E alle maestre come è stato spiegato il problema? “All’inizio è bastata una comunicazione orale, poi hanno chiesto una lettera del medico curante. Recentemente ci hanno detto che se Leonardo dovesse subire dei traumi come ricevere una pallonata o cadere dalle scale, l’indicazione è quella di chiamare il 118, indipendentemente dalla gravità dell’infortunio. Solo dopo la procedura permette di avvisare i genitori”.

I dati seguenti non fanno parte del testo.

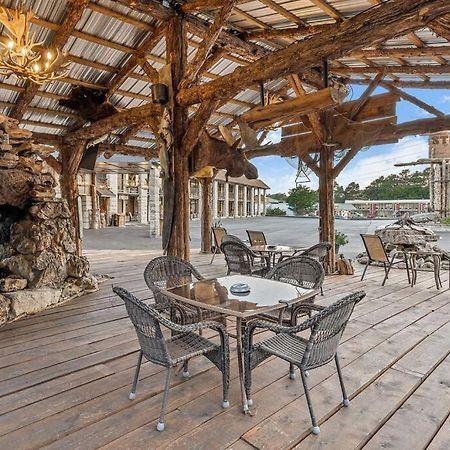 Stonegate Lodge King Bed Wifi 50 In Roku Tv Salt Water Pool Room # 101 Eureka Springs Zewnętrze zdjęcie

A Leonardo non pesano i frequenti prelievi (che recentemente si sono assestati a uno al mese, ma in passato sono arrivati a uno ogni 3-5 giorni per via di un’infezione da tenere sotto controllo): dopo aver subito un intervento a sei anni e aver vissuto settimane di ricovero, sottoporsi al monitoraggio è diventata una routine nella sua vita.

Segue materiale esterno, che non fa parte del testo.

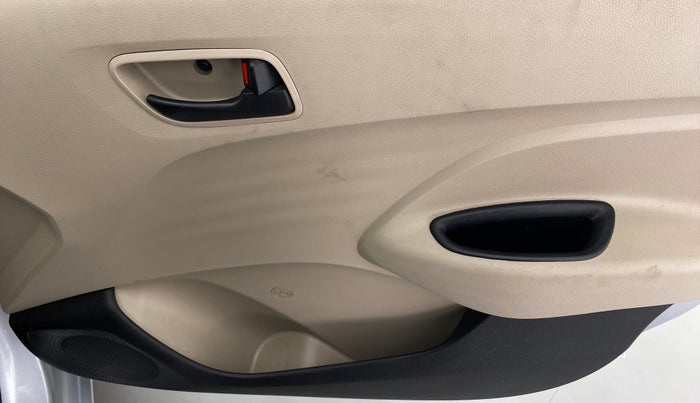 2019 Hyundai NEW SANTRO 1.1 ERA EXICUTIVE, Petrol, Manual, 13,270 km, Driver Side Door Panels Control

Per poter godere di una maggiore autonomia, la famiglia ha richiesto un coagulometro: “Quest’estate abbiamo incastrato le vacanze tra due prelievi: siamo stati via cinque giorni – racconta la madre –. Se avessimo avuto il dispositivo, avremmo potuto effettuare il monitoraggio e magari prenderci qualche giorno di ferie in più”. La richiesta è stata inoltrata direttamente al centro dell’ospedale di Vicenza: “Non sappiamo se sarà accolta, ma nel caso saranno i medici vicentini a insegnarci a usarlo”, spiega Bigolin.

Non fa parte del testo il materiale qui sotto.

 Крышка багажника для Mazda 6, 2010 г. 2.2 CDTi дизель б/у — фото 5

Per il momento, comunque, tutto è vissuto con molta naturalezza: “A ogni prelievo i medici del centro ci stampano o ci inviano via mail la terapia. Noi la attacchiamo sul frigo in modo da non dimenticarcene e la fotografiamo con il cellulare, per sapere con esattezza la dose anche quando siamo fuori casa”, sorride mamma Lisa.
Si trasportano facilmente e permettono ai pazienti in terapia AVK di effettuare le misurazioni dell’INR senza doversi sottoporre ai prelievi periodici. Sono i coagulometri portatili, dispositivi che potrebbero migliorare la vita dei pazienti anticoagulati ma che al momento restano quasi inaccessibili alle famiglie per via del loro alto costo. “Purtroppo nel nostro paese questi apparecchi non rientrano tra i presidi sanitari rimborsabili, costringendo il paziente che decida di utilizzarli a caricarsi di un costo considerevole”, afferma Daniela Poli, dirigente del Centro Trombosi di Firenze, che sottolinea come questi device sarebbero importanti “per i bambini, che potrebbero così evitare il più traumatico prelievo venoso, per le persone con difficoltà all’accesso venoso, per chi lavora e può così evitare di perdere tempo per raggiungere un laboratorio o un punto di prelievo. Va poi ricordato come il loro uso nei pazienti allettati potrebbe avere risvolti importanti anche per la spesa sanitaria, consentendo il monitoraggio dei valori di INR senza l’onere dell’invio di un infermiere per l’esecuzione di un prelievo domiciliare”.